1、什么是社区
如果一张图是对一片区域的描述的话,我们将这张图划分为很多个子图。当子图之内满足关联性尽可能大,而子图之间关联性尽可能低时,这样的子图我们可以称之为一个社区。
2、社区发现算法及评价标准
社区发现算法有很多,例如LPA,HANP,SLPA以及我们今天的主人公——Louvain。不同的算法划分社区的效果不尽相同。那么,如何评价这些算法孰优孰劣呢?

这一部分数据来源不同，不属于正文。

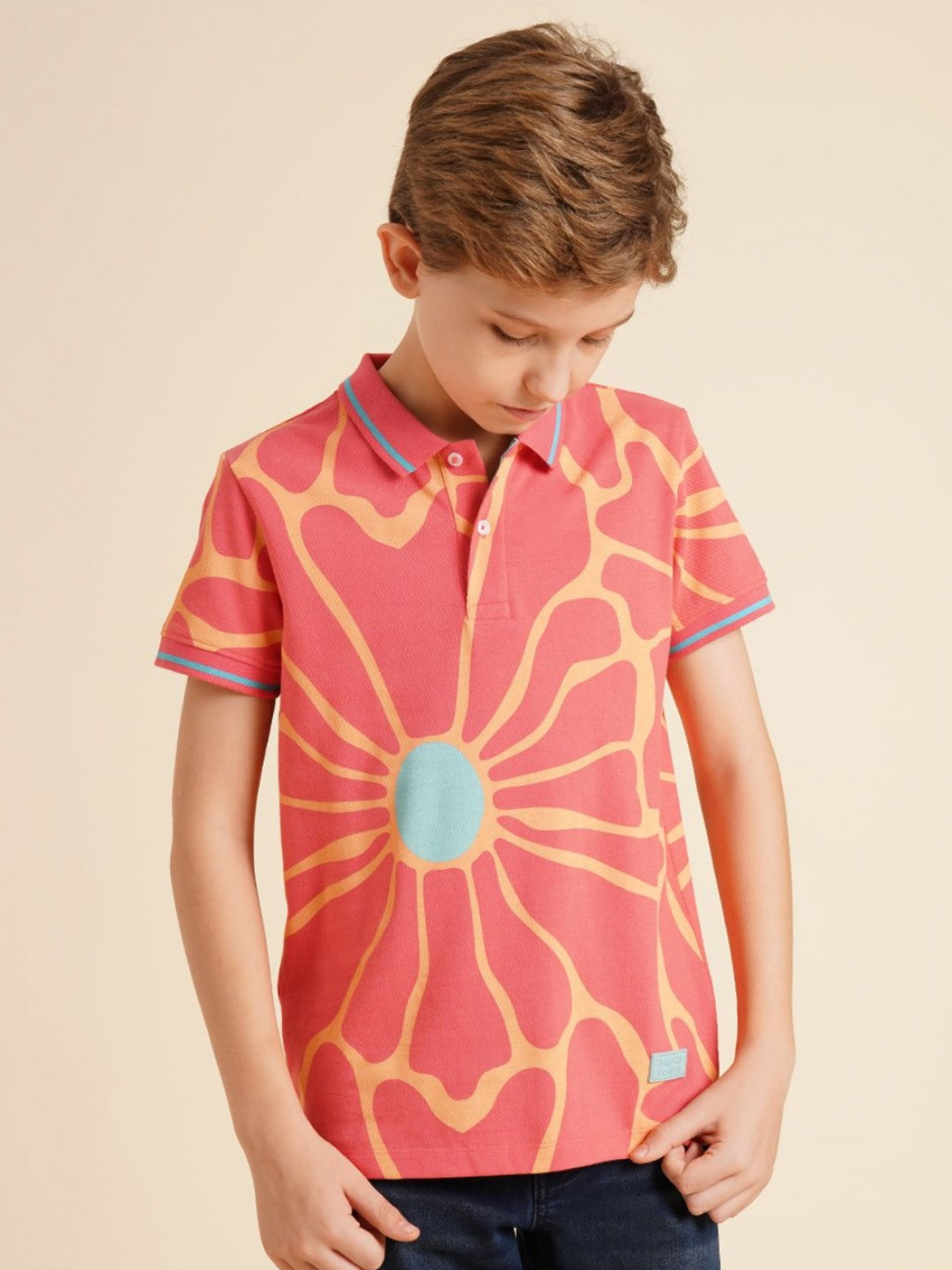 

Jack & Jones Junior Boys Abstract Printed Polo Collar Cotton T-shirt, Red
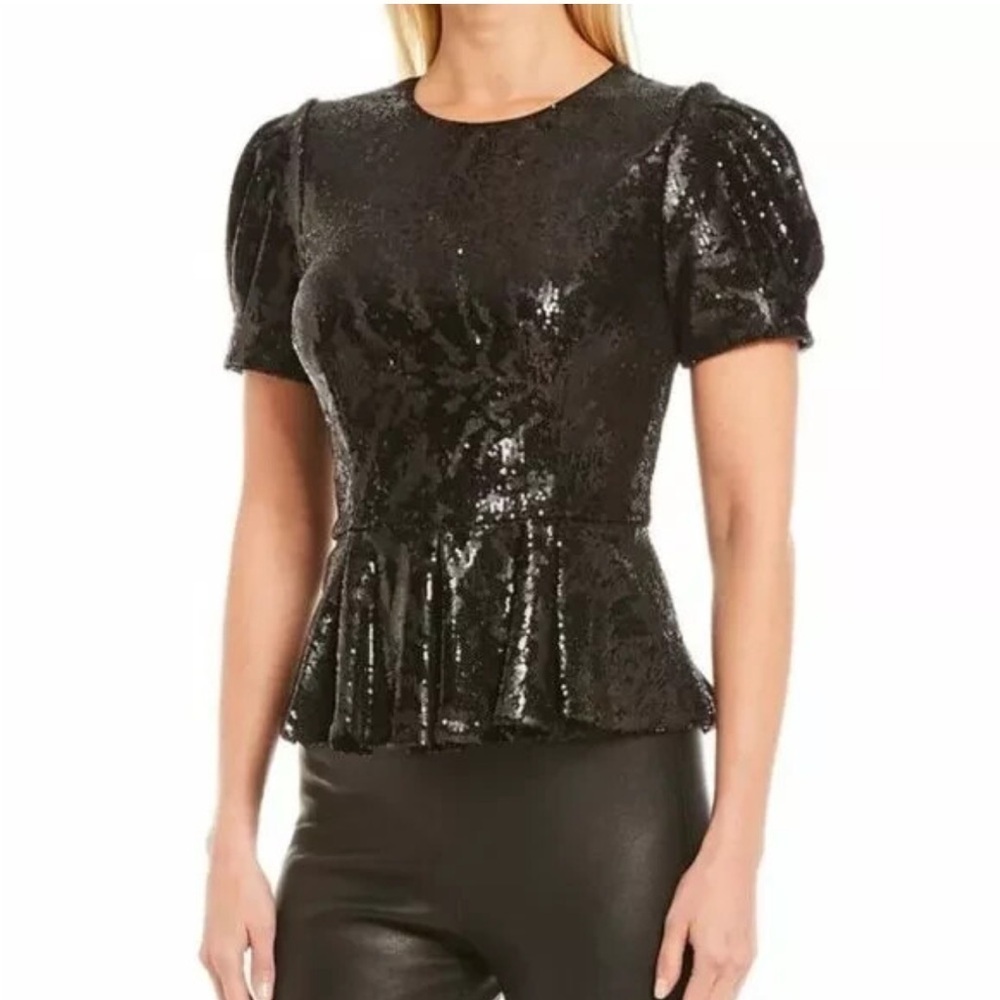 ANTONIO MELANI OZAN Black Sequin Peplum top, NWT Size 10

用模块度modularity来衡量。模块度定义如下:模块度是评估一个社区网络划分好坏的度量方法,它的物理含义是社区内节点的连边数与随机情况下的边数只差,它的取值范围是 [−1/2,1)。可以简单地理解为社区内部所有边权重和减去与社区相连的边权重和。
Louvain算法
一种基于模块度的图算法模型,与普通的基于模块度和模块度增益不同的是,该算法速度很快,而且对一些点多边少的图,进行聚类效果特别明显。
算法流程:
1、初始时将每个顶点当作一个社区,社区个数与顶点个数相同。
2、依次将每个顶点与之相邻顶点合并在一起,计算它们的模块度增益是否大于0,如果大于0,就将该结点放入该相邻结点所在社区。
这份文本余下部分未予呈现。